Prediction, uncertainty and model evidence
The Free Energy Principle
Free energy is a way of measuring how well a model explains sensory data, while also penalising overly flexible or implausible explanations.
1. From prediction error to free energy
Predictive coding focuses on reducing prediction error. The Free Energy Principle generalises this idea: organisms act and perceive in ways that keep their sensory states predictable under their own model of the world.
A simple teaching version is:
$F \approx \text{prediction error} + \text{complexity penalty}$
The first term rewards accurate explanations. The second term prevents the system from explaining everything by making beliefs arbitrarily complicated.
2. Interactive free energy landscape
The dot is the current belief. The target is the sensory input. Moving the belief closer to the target reduces error. But strong prior confidence creates a cost for moving too far from what the model expected.

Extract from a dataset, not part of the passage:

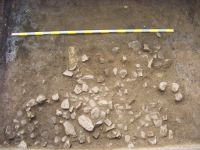 Cronica Cercetărilor Arheologice din România, Campania 2014. Raportul nr. 129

3. Accuracy and complexity
In variational formulations, free energy is often described as a balance between accuracy and complexity:
$F = \text{complexity} - \text{accuracy}$
Accuracy means the model predicts the data well. Complexity means the posterior beliefs have moved away from the prior. A good explanation should fit the data, but not by inventing an unnecessarily complicated story.
Accuracy
How well does the model predict the observed data?
Complexity
How far did beliefs move from the prior?
Precision
How strongly should errors influence belief updating?
Evidence
How plausible is this model as an explanation of the data?
4. Perception and action
There are two broad ways to reduce free energy. Perception changes beliefs to better explain sensory input. Action changes sensory input so it better matches predictions.
Perception
Update beliefs so predictions better match the world.
beliefs → predictions → lower error
Action
Change the world, or sample the world, so sensations better match predictions.

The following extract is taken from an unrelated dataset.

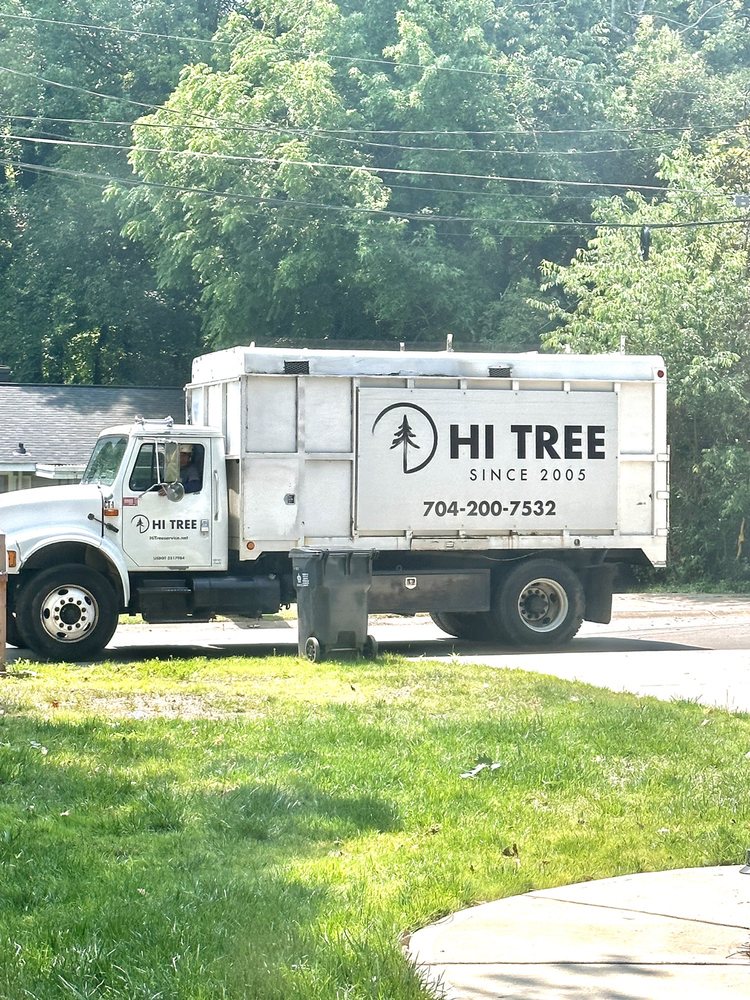 Hi Tree Service - tree service in Concord, NC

actions → sensations → lower error
Why this matters for our lab
Free energy gives a shared language for model fitting, predictive coding, active inference and computational psychiatry. In DCM and Variational Laplace, we estimate hidden parameters by optimising a free-energy objective. In active inference, agents choose actions expected to reduce future uncertainty and fulfil preferred states. In psychiatry, altered precision, priors or synaptic gain may change how prediction errors influence perception, action and belief.